Nançay

The Nançay radio observatory is developping and operating among the biggest radioastronomy instruments in the world, observing the universe at wavelengths between 3 cm and 10 m. The station houses 2 instrumental demonstrators: the EMBRACE array, first SKA (Square Kilometer Array) prototype for the middle frequency band (0.5 to 1.5 GHz), and the CODALEMA array. In parallel, innovative processing methods are developped for interferences monitoring and mitigation.

geographic longitude: 02° 11′ 50″
geographic latitude: 47° 22′ 24″
altitude above sea level: 150 m
diameter telescope 1 (Decametric array): 144 elements on 2×3500 m2 (equivalent to a single dish with diameter of 67 m)
diameter telescope 2 (Radio heliograph): array of 19 elements (EW) and 24 elements (NS) over 3200×1250 meter baselines
diameter telescope 3 (Decimetric radio telescope): ‘Kraus type’ antenna: flat mirror: 200×40 meter; spherical mirror: 300×35 meter
diameter telescope 4 (ORFEES) 5 m, dedicated to space meteorology
 minimum elevation: 3.6°

Available observing mode: single dish, array mode.

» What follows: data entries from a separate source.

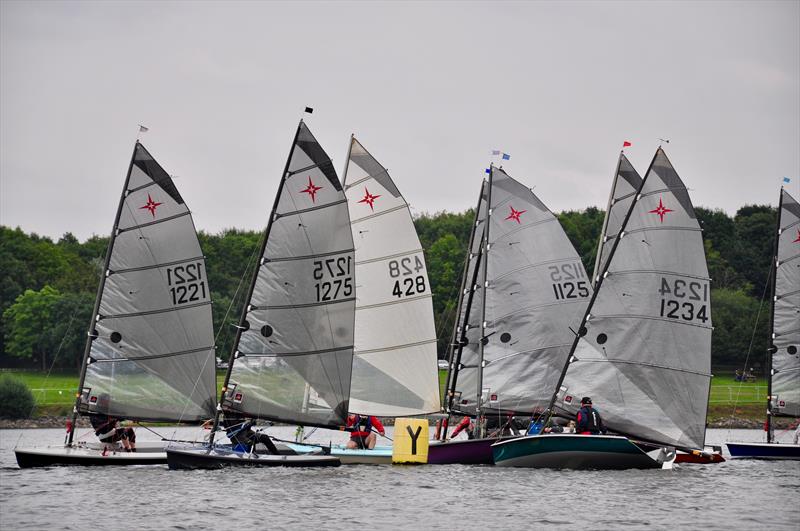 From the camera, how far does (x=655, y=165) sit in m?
36.9

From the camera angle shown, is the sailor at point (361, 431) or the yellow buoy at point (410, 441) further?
the sailor at point (361, 431)

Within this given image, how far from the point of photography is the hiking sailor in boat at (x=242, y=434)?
35.8 meters

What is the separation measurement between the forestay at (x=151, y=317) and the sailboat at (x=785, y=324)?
65.4ft

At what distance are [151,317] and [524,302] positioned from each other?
12.0 m

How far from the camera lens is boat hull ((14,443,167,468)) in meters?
35.4

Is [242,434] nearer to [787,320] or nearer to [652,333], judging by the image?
[652,333]

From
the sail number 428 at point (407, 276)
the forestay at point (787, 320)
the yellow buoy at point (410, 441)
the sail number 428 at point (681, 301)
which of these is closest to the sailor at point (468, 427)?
the yellow buoy at point (410, 441)

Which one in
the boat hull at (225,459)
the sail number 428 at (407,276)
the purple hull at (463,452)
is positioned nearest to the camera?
the boat hull at (225,459)

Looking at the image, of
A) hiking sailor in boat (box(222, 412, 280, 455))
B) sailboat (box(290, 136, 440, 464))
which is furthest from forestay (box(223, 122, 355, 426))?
sailboat (box(290, 136, 440, 464))

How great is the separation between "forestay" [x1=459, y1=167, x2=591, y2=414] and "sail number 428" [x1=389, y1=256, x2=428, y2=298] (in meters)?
2.14

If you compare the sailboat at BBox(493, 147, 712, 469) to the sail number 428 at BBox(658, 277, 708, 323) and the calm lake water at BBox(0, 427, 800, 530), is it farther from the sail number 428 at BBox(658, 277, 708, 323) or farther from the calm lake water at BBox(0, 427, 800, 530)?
the calm lake water at BBox(0, 427, 800, 530)

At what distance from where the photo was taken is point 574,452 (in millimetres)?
35875

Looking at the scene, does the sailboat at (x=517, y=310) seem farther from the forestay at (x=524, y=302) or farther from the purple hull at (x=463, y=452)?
the purple hull at (x=463, y=452)

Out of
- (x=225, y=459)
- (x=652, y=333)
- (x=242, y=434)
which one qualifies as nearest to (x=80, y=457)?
(x=225, y=459)
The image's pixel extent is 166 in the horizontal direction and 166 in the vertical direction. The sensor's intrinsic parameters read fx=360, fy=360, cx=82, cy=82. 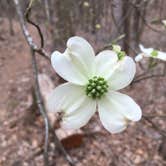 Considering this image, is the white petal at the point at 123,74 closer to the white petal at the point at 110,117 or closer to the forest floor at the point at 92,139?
the white petal at the point at 110,117

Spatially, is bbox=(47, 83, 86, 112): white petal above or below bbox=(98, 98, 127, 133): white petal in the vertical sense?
above

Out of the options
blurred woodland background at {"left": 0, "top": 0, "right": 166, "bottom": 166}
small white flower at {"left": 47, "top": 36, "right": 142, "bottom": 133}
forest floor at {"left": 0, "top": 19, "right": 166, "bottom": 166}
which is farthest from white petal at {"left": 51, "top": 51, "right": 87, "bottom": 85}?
forest floor at {"left": 0, "top": 19, "right": 166, "bottom": 166}

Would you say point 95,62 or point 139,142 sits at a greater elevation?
point 95,62

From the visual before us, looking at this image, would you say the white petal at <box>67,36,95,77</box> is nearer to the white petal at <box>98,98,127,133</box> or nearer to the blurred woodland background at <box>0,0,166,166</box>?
the white petal at <box>98,98,127,133</box>

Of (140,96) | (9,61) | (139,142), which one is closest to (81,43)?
(139,142)

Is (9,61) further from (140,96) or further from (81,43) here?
(81,43)

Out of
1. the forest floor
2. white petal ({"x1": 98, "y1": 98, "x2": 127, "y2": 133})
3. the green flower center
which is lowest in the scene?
the forest floor

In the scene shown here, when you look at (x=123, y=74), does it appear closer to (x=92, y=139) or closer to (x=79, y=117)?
(x=79, y=117)

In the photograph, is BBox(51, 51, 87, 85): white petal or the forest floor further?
the forest floor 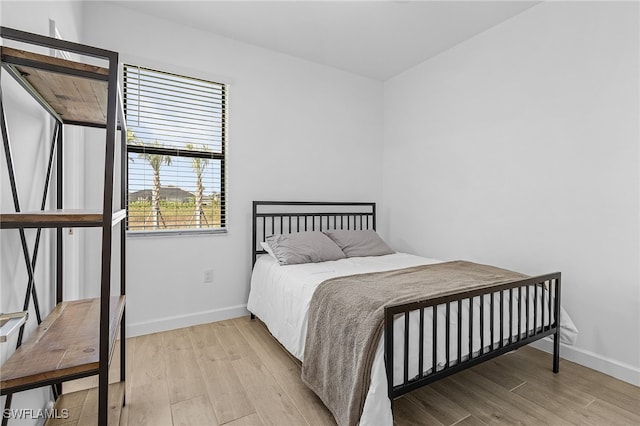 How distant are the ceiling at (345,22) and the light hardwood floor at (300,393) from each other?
260 cm

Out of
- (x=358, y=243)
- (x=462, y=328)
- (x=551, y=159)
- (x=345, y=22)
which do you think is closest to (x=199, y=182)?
(x=358, y=243)

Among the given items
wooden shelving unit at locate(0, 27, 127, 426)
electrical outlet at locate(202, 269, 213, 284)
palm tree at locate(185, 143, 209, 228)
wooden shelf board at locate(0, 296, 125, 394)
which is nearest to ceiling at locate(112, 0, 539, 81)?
palm tree at locate(185, 143, 209, 228)

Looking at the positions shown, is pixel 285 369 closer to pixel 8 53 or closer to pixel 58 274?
pixel 58 274

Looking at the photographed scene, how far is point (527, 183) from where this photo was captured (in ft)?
8.30

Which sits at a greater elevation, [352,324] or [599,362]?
[352,324]

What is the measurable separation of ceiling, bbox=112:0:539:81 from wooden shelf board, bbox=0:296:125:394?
7.59ft

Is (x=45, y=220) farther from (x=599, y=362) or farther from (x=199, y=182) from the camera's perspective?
(x=599, y=362)

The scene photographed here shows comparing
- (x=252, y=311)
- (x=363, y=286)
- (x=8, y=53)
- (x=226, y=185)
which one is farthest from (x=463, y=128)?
(x=8, y=53)

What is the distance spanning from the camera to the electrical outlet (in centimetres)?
288

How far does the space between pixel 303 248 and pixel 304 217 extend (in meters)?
0.68

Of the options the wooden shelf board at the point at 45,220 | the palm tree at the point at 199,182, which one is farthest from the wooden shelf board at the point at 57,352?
the palm tree at the point at 199,182

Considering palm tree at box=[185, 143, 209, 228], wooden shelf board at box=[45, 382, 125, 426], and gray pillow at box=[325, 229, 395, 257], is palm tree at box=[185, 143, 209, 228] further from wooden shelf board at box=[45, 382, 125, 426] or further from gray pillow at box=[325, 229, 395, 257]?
wooden shelf board at box=[45, 382, 125, 426]

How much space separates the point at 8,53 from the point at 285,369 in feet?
6.58

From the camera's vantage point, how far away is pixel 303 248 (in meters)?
Answer: 2.74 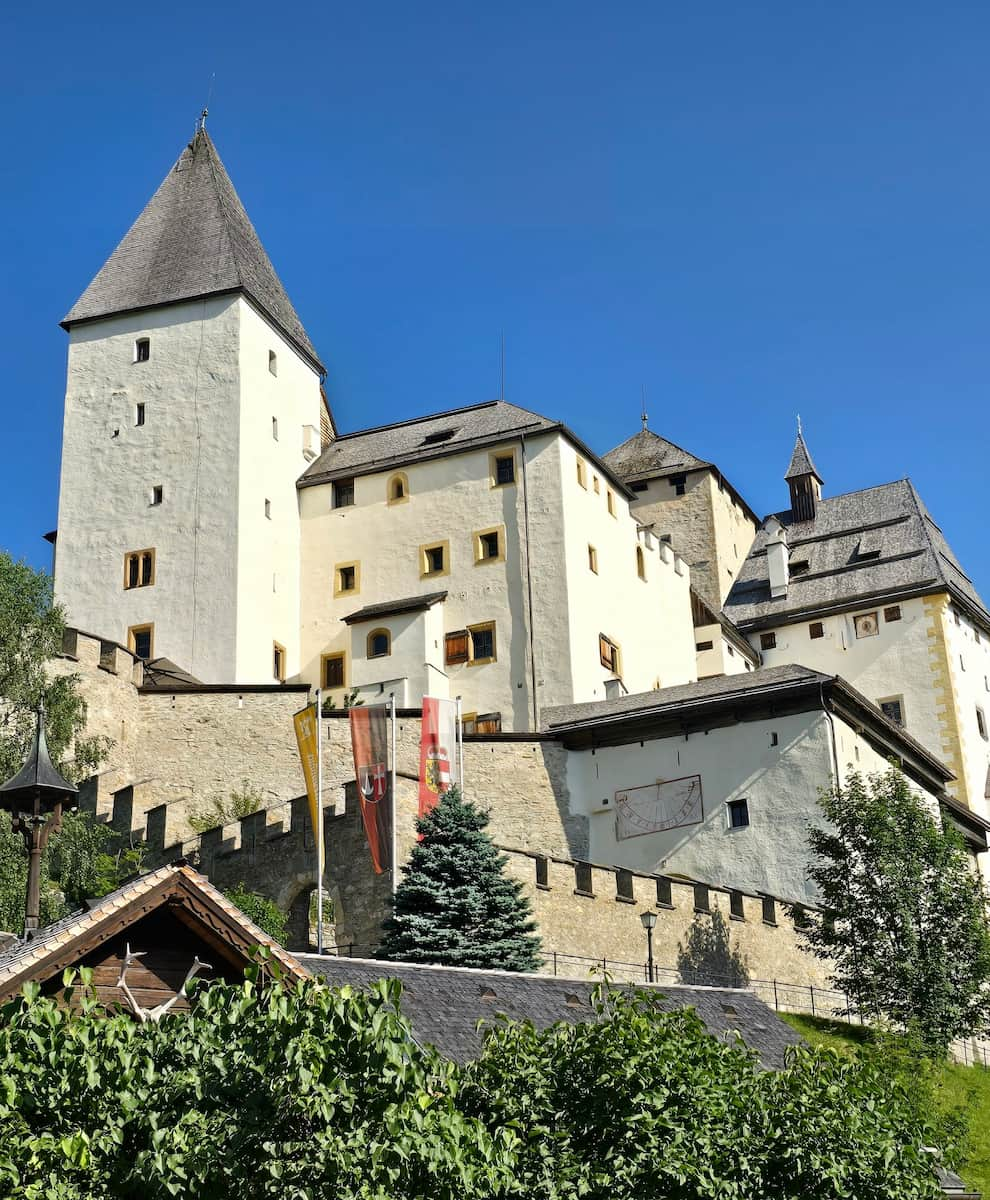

Frequencies, as registered and used currently:

Frequency band Observing mode
10 – 100 MHz decametric array
150 – 450 MHz radio heliograph
130 – 1000 MHz  single dish (ORFEES)
1100 – 1800 MHz single dish, decimetric radio telescope
1700 – 3500 MHz single dish, decimetric radio telescope
4800 – 5000 MHz
10.68 – 10.7 GHz

Research programs: extra-galactic radio astronomy (large scale structure, physics of galaxies), galactic research (pulsar timing, circumstellar envelopes), cometary research, solar and planetary radio astronomy (Sun, planets).